Dataset entries:
*** Block opens ***
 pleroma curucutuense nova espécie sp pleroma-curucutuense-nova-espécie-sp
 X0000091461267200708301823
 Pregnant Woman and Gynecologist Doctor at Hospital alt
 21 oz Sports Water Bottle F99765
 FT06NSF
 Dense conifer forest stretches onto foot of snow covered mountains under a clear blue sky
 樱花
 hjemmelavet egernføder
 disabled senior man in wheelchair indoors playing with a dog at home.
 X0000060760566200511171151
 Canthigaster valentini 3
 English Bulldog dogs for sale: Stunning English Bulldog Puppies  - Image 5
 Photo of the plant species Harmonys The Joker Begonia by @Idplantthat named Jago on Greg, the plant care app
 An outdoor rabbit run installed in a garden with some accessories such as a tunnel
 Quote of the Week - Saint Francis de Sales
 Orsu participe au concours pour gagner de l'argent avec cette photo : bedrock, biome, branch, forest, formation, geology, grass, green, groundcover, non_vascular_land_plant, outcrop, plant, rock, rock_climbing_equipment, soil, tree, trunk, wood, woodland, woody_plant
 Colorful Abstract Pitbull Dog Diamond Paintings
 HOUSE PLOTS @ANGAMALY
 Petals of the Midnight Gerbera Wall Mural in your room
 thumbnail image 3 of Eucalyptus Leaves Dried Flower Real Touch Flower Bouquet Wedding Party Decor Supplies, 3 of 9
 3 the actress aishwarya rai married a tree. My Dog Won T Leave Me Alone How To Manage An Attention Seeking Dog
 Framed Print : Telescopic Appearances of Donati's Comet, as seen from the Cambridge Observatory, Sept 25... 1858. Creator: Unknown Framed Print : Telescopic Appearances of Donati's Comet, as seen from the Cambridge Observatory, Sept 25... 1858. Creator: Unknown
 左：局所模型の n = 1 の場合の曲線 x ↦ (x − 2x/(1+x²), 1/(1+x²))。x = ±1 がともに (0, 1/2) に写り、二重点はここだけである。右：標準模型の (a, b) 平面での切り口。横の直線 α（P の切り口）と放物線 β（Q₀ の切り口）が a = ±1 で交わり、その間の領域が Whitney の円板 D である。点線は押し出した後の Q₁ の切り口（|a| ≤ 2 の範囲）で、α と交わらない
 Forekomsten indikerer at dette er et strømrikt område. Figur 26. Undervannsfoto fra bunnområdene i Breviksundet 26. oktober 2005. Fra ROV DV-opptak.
*** Block closes ***
Task instructions:
Your answer should consist solely of the lines above from the line with "An outdoor rabbit" to the line with "Colorful Abstract Pitbull", both included, reproduced exactly.

Written solution:
 An outdoor rabbit run installed in a garden with some accessories such as a tunnel
 Quote of the Week - Saint Francis de Sales
 Orsu participe au concours pour gagner de l'argent avec cette photo : bedrock, biome, branch, forest, formation, geology, grass, green, groundcover, non_vascular_land_plant, outcrop, plant, rock, rock_climbing_equipment, soil, tree, trunk, wood, woodland, woody_plant
 Colorful Abstract Pitbull Dog Diamond Paintings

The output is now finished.